Fribourg, 13octobre(APIC) L’Assemblée ecclésiastique catholique provisoire du canton de Fribourg abordera samedi prochain un point crucial et controversé de son programme, à savoir le financement des ministères paroissiaux et pluriparoissiaux. La question de la péréquation financière cantonale
et la gestion des bénéfices curiaux est ainsi relancée.
Le péréquation entre paroisses se veut un système de solidarité tendant
à atténuer les disparités entre paroisses riches et pauvres. L’assemblée
ecclésiastique provisoire a précisément pour tâche de définir l’étendue et
le mode de fonctionnement de cette répartition. La séance de samedi placera
les 90 délégués en face de leurs responsabilités. Les délégués, puis plus
tard le peuple fribourgeois, devront approuver ce principal défi de la loi
Eglise-Etat qui exige l’application de ce principe de solidarité.
Le rapport présenté par la commision VII présidée par Jacques Baeriswyl,
avocat à Bulle, décrit quatre modèles de financement des prêtres et des
agents pastoraux en paroisse.
Le premier de ces modèles propose la création d’une caisse cantonale
unique pour gérer les salaires des prêtres et agents pastoraux ainsi que
les tâches supraparoissiales. La participation des paroisses à cette caisse
serait basées sur le rendement de l’impôt cantonal dans les communes formant une paroisse (RICC). Cette base de calcul a été approuvée par un vote
indicatif lors de l’assemblée du 16 avril dernier. Une partie des bénéfices
curiaux tomberait dans cette caisse centrale. Celle-ci financerait les postes de prêtres et agents pastoraux oeuvrant en paroisse, selon une répartition des postes répondant à des critères précis.
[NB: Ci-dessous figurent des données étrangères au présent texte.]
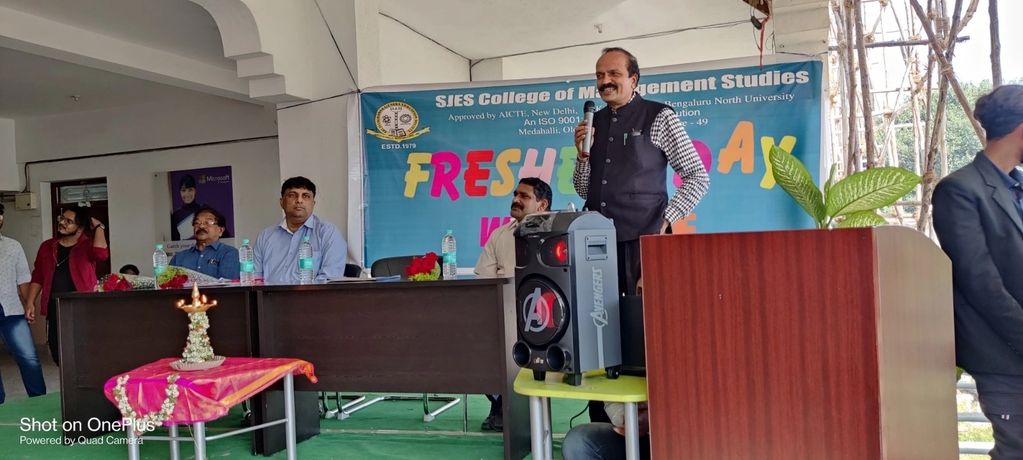 SJES College of Management Studies Bangalore Extra Curriculars photo 13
Le second modèle reprend les mêmes principes que le précédent, mais à un
niveau régional. La commission considère que l’atténuation des disparités
au niveau cantonal ne serait pas suffisante et propose de le rejeter.
Le troisième modèle propose un système «causal», ce qui signifie que
l’instante payante reçoit en retour les prestations qu’elle finance. Les
paroisses seraient obligatoirement affiliées à la caisse cantonale et payeraient ce que leur coûte l’engagement de leurs agents pastoraux, prêtres et
laïcs mandatés. C’est à partir de cette contribution que serait définie, en
pourcentage, la masse péréquative (toujours basée sur le RICC). Dans ce système, la partie mise en péréquation est versée exclusivement par les paroisses riches au profit des paroisses pauvres. Si l’on admet que la péréquation se fait sur la base du RICC, on qualifie de paroisse riche une paroisse dont le RICC est supérieur à la moyenne fribourgeoise. Après l’établissement des calculs de la péréquation, chaque paroisse verse sa contribution comptable, réduite, augmentée ou inchangée, selon que son RICC est
inférieur, supérieur ou égal au RICC moyen. Les partisans de ce modèle veulent manifester leur attachement à certaines prérogatives paroissiales,
mais aussi critiquer une trop grande centralisation dans laqulle ils discernent, à tort ou a raison, un risque d’irresponsabilité financière.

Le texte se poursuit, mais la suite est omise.